Review | Songlines

Mosaïk

Rating: ★★★

View album and artist details

Album and Artist Details

Artist/band:

Vishtèn

Label:

PTVish

October/2013

Many artists from many different places feel that in order to bring contemporary audiences to traditional material, they need to dress it up a bit, rather than letting it stand on its own merits. Canadian trio Vishtèn apply such costumery here to a variety of Francophone source material – from their own areas of the Maritime provinces to Louisiana’s Cajun country. Pascal Miousse (fiddle and mandolin), was brought up on Quebec’s remote Magdalen Islands, and twins Emmanuelle (bodhrán and tin whistle) and Pastelle LeBlanc (accordion and piano) come from Prince Edward Island. Several of the tracks on Mosaïk are presented as elongated dance sets influenced by Scottish and Irish traditions as well as by French. They intersperse traditional numbers with original compositions created and delivered in much the same user-friendly mode.

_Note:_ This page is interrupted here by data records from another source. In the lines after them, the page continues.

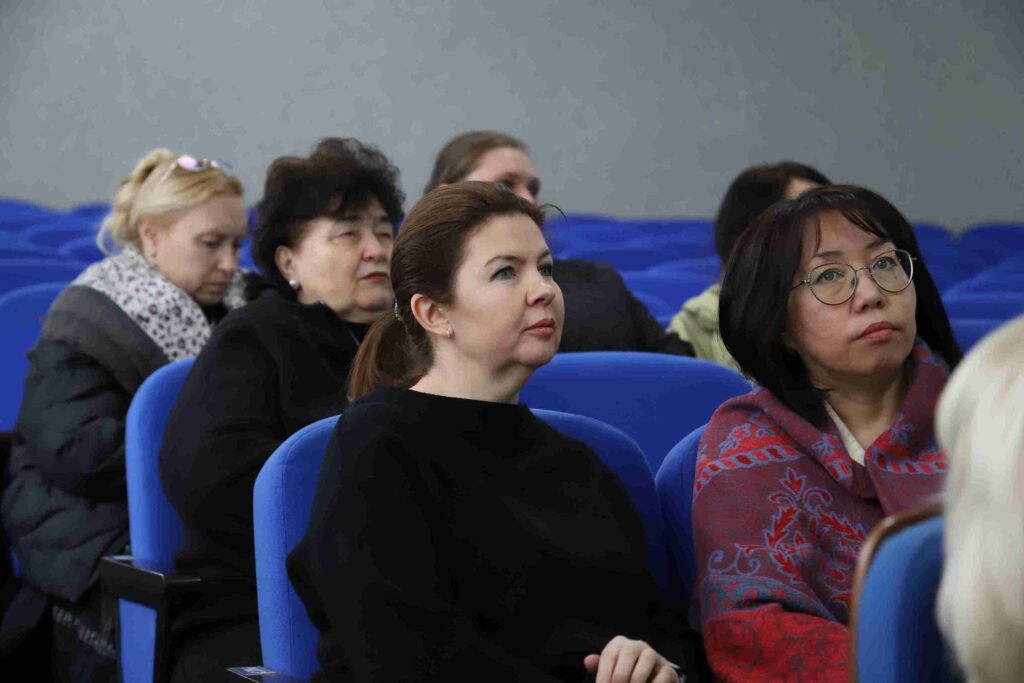 В КАСУ состоялась гостевая лекция о стратегиях продвижения ученого в международном научном сообществе 2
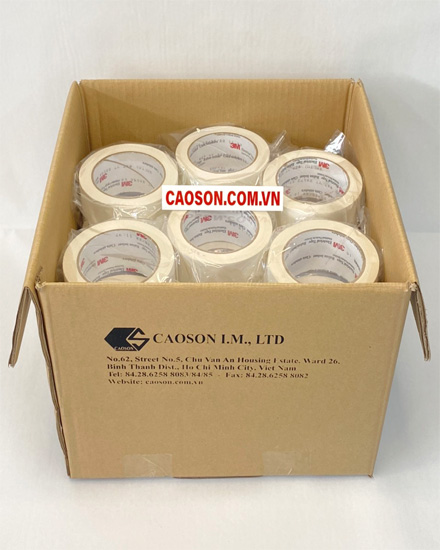 Băng keo điện vải thủy tinh 3M 27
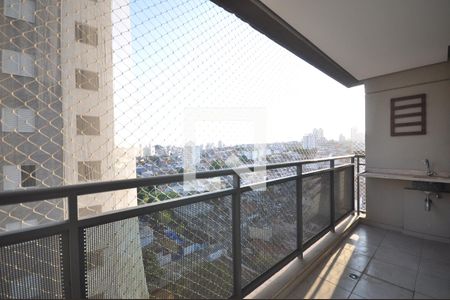 Sacada Sala de apartamento à venda com 2 quartos, 58m² em Vila Gustavo, São Paulo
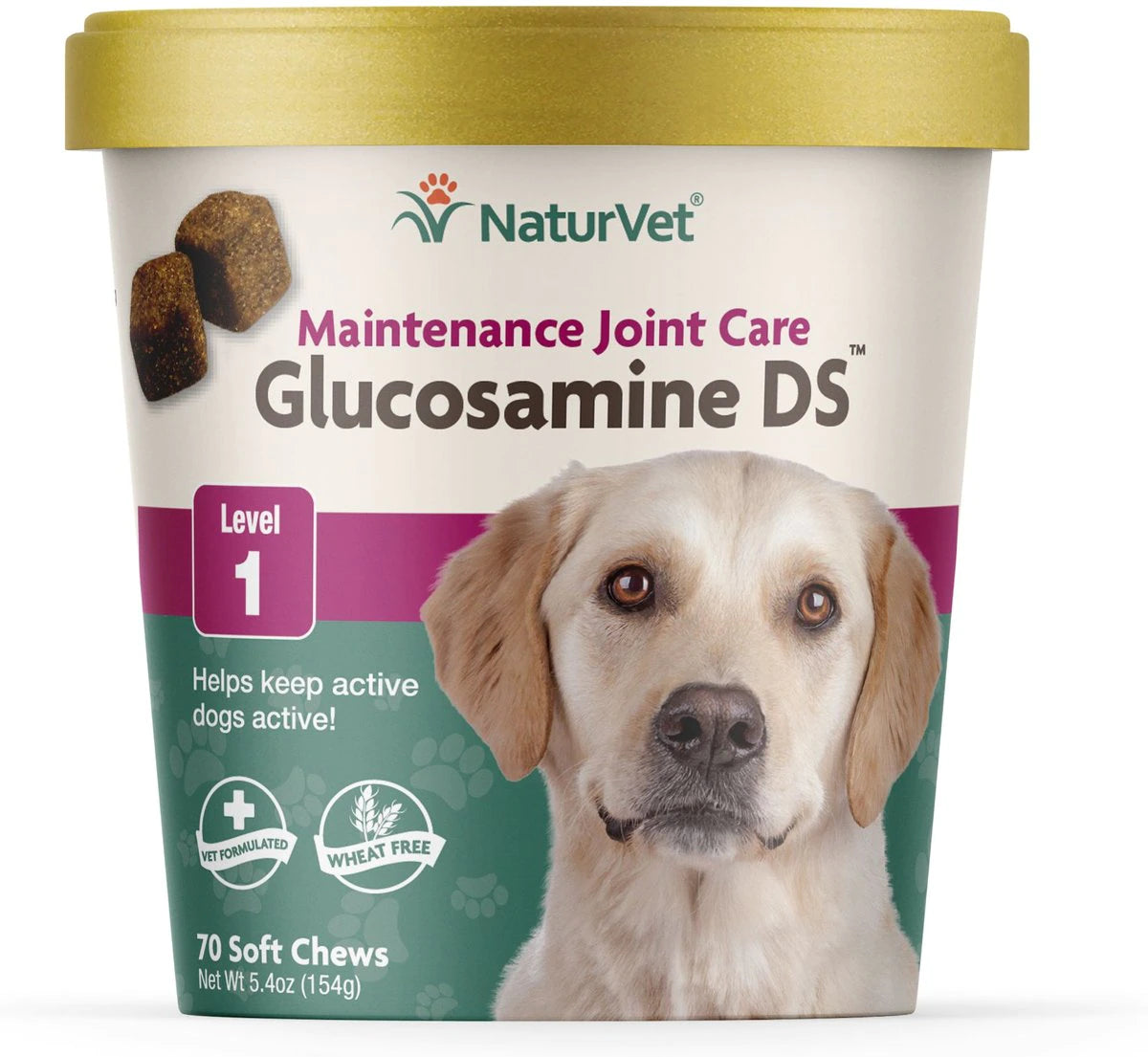 - Degradable pet feces bagNaturVet Maintenance Care Glucosamine DS Soft Chews Joint Supplement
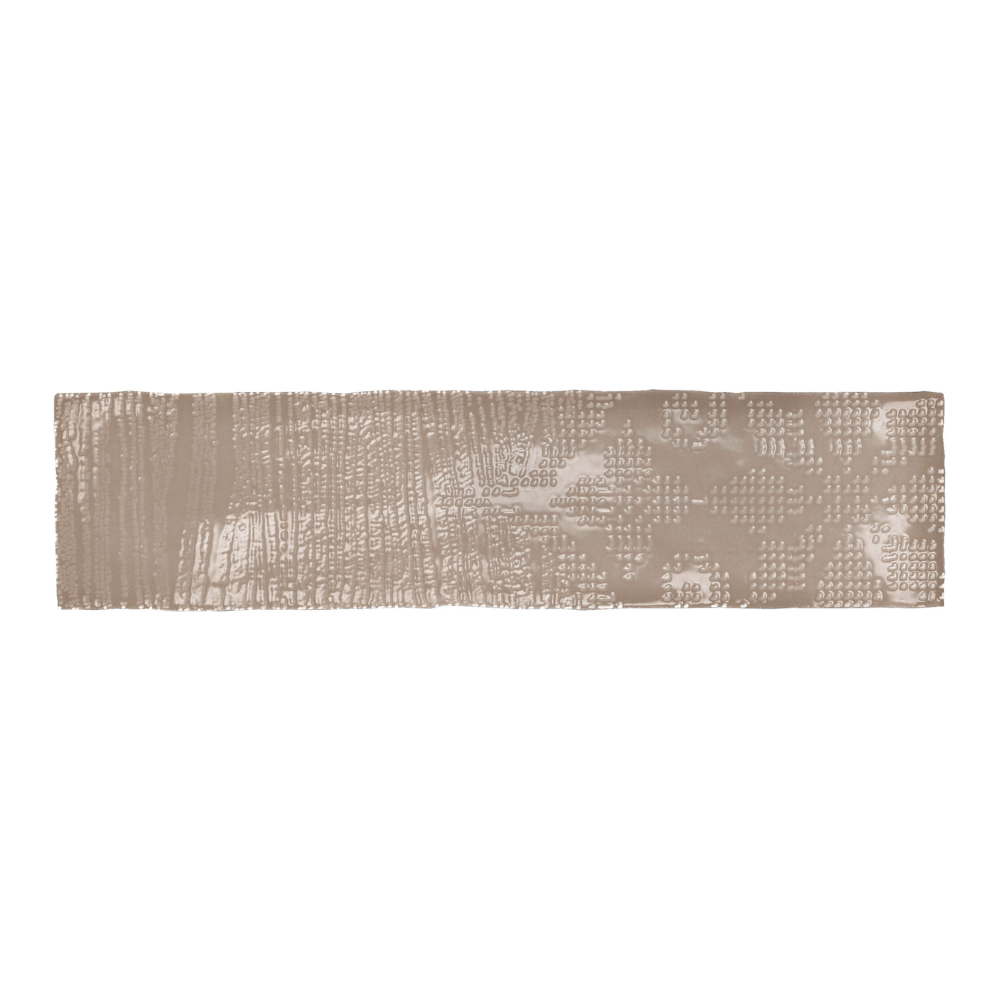 Pasadena Taupe Ceramic Tile 7.5 x 30cm-Delforno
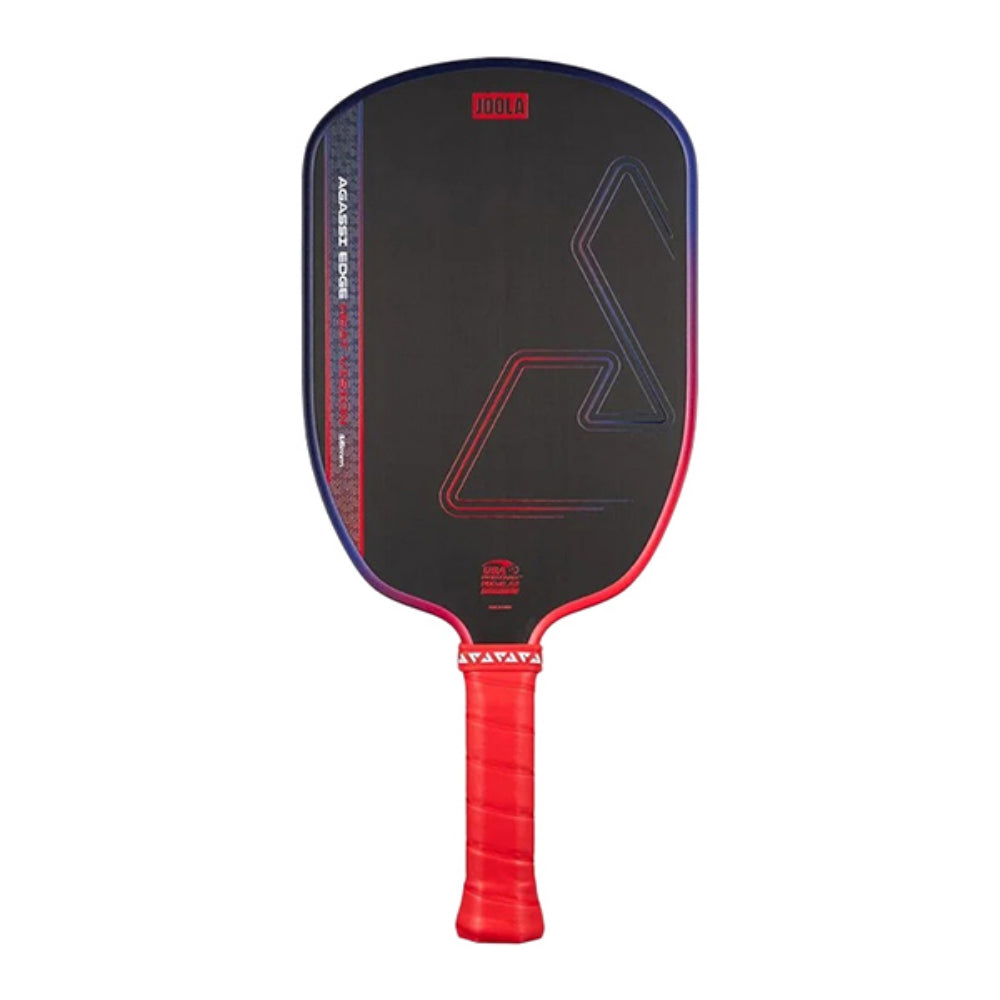 Joola Agassi 16Mm Heat Vision Pickle Ball Paddles in Red Color
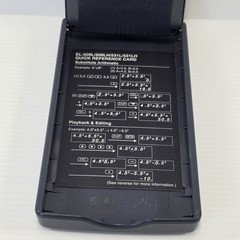 EL-509LH – SHARP – Arithmetic calculator with algebraic logic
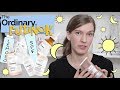 The Ordinary - példarutinok bőrproblémánként (vízhiány, mitesszerek, pattanások, anti-aging)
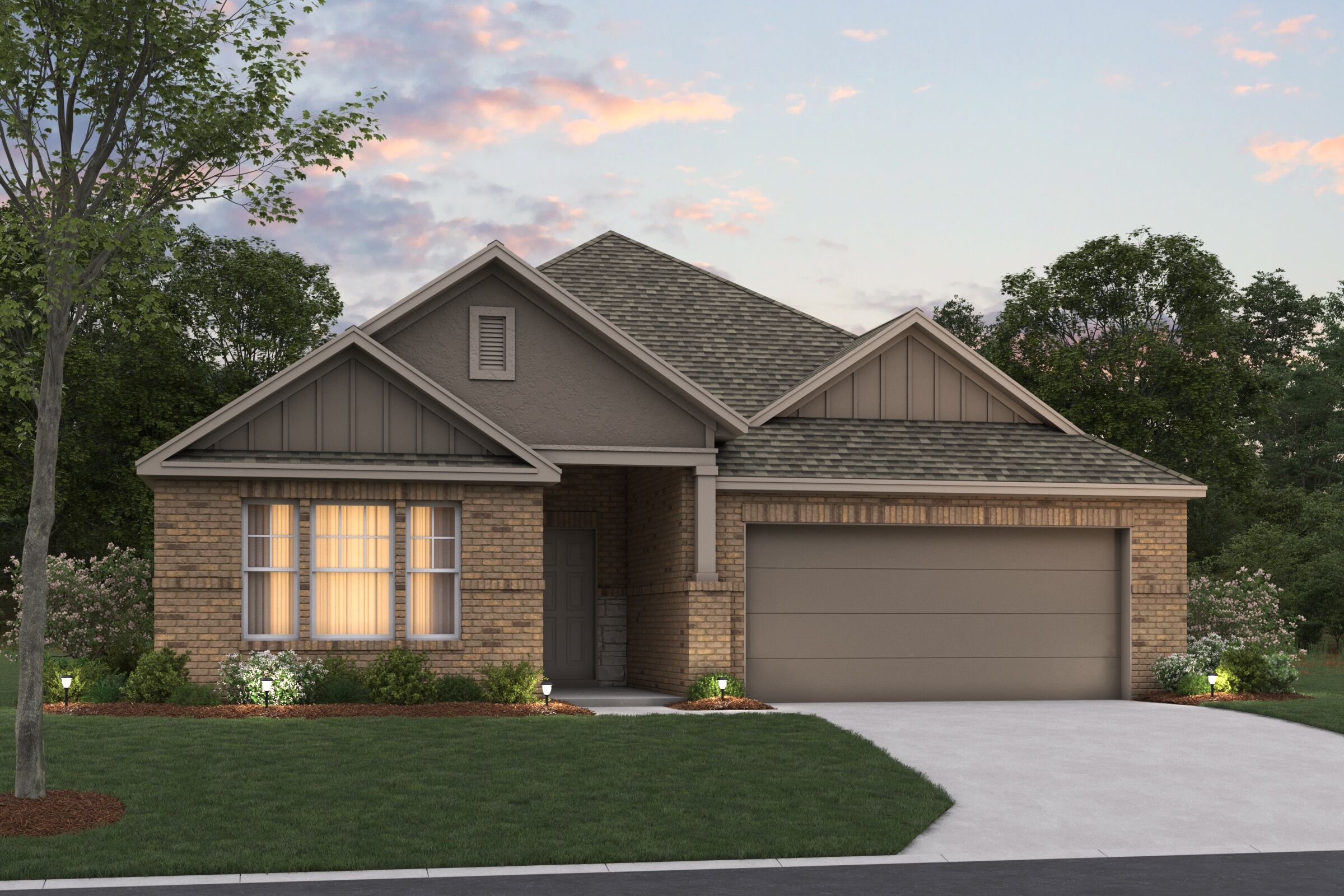 Esparanza - Elevon: Lavon, Texas - M/I Homes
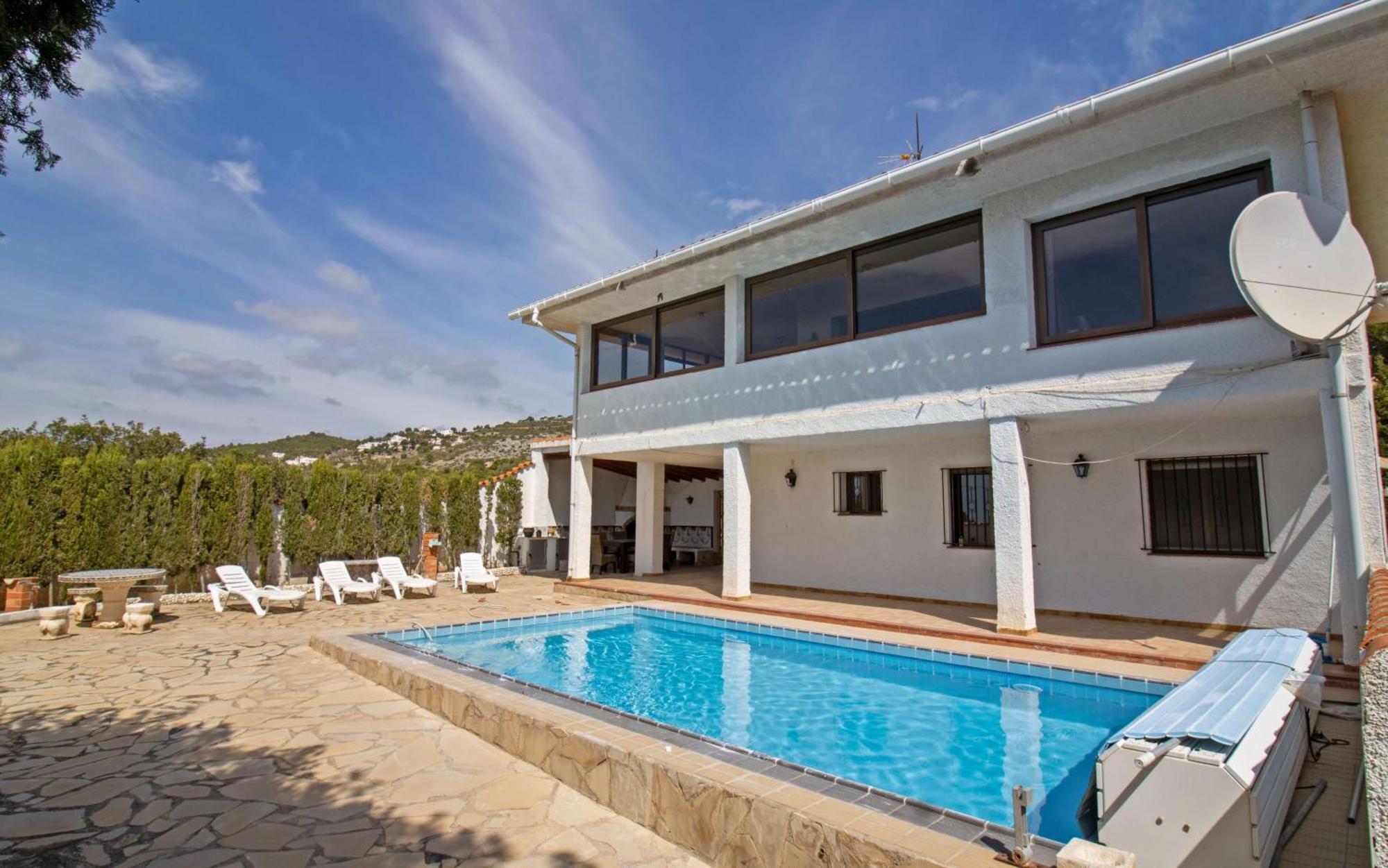 Villa Con Piscina Privada Y Barbacoa - Albert Villas Alcossebre Exterior photo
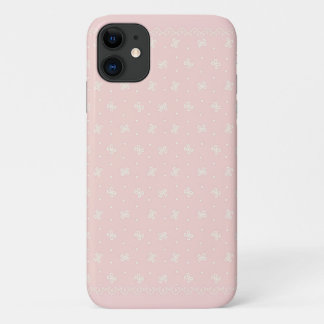 FUNDA PARA iPhone 11 レース　ピンク    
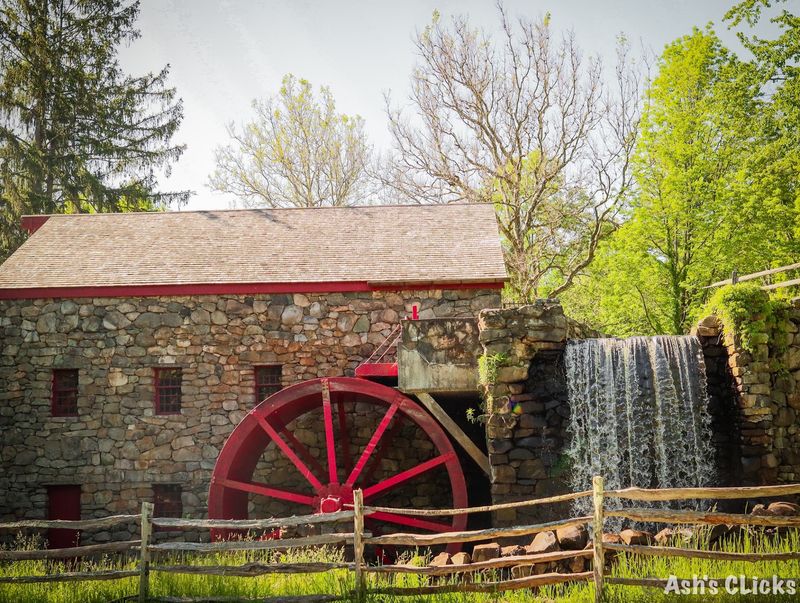The Grist Mill Down the Road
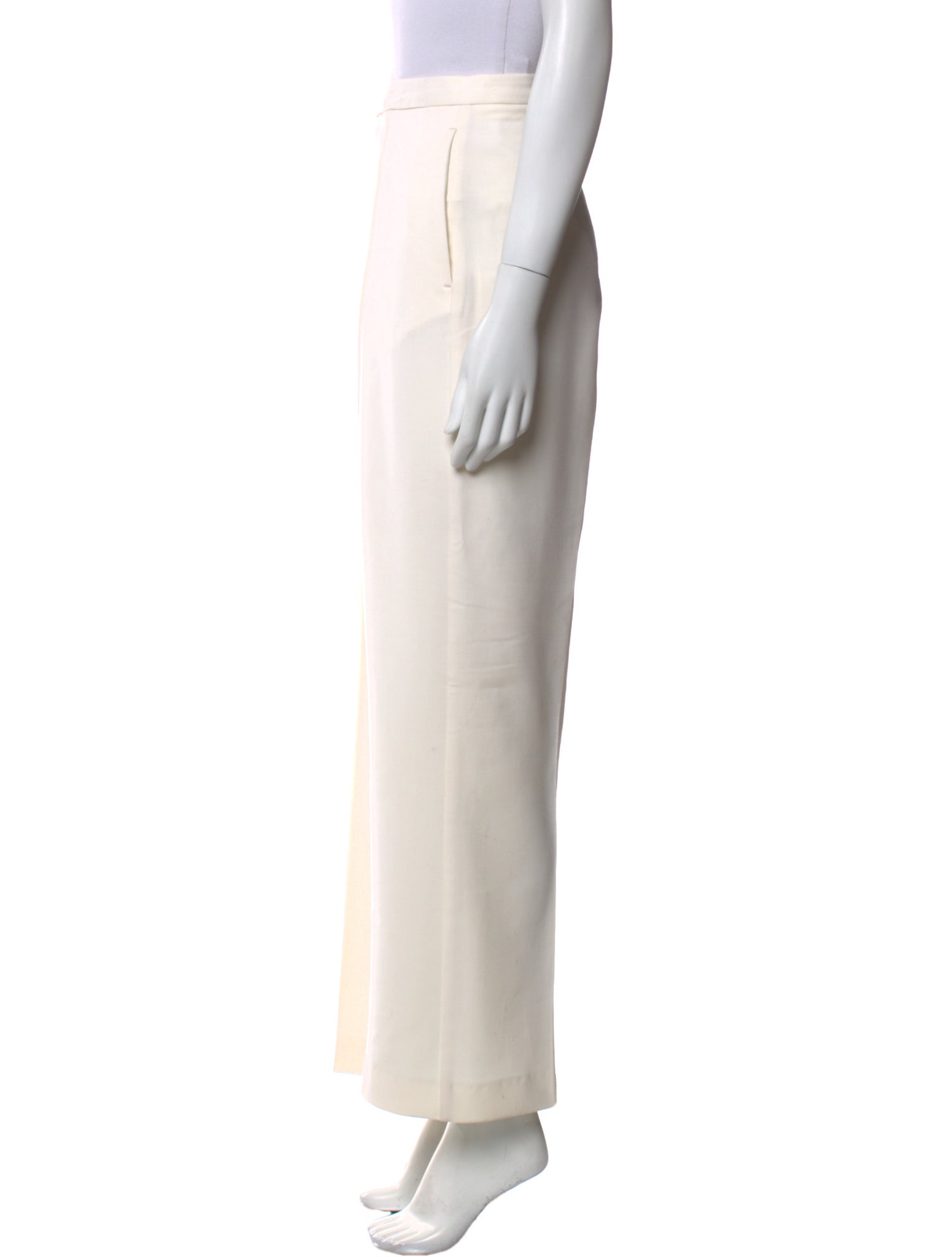 BITE Wool Wide Leg Pants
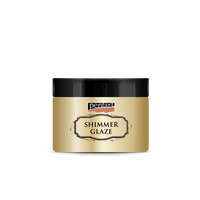 Svetlucava glazura Pentart Junior Paints Shimmer Glaze 150 ml – zlatna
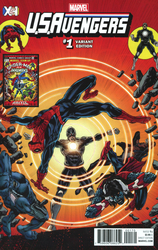 U.S.Avengers #1 Perkins Variant (2017 - 2017) Comic Book Value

The embellishment of their traditional instruments with electric guitar and bass synthesizer may well be to sustain the band’s interest as much as their fans’. But listeners of an orthodox stripe are likely to judge some of it superfluous, as they also might find the group’s tendencies to inject swing rhythms, or insert repeats into lyric lines. However, to Vishtèn’s credit, the three of them have mastered an impressively large arsenal of instruments and their singing, in close-harmony French patois, is clear and impressive.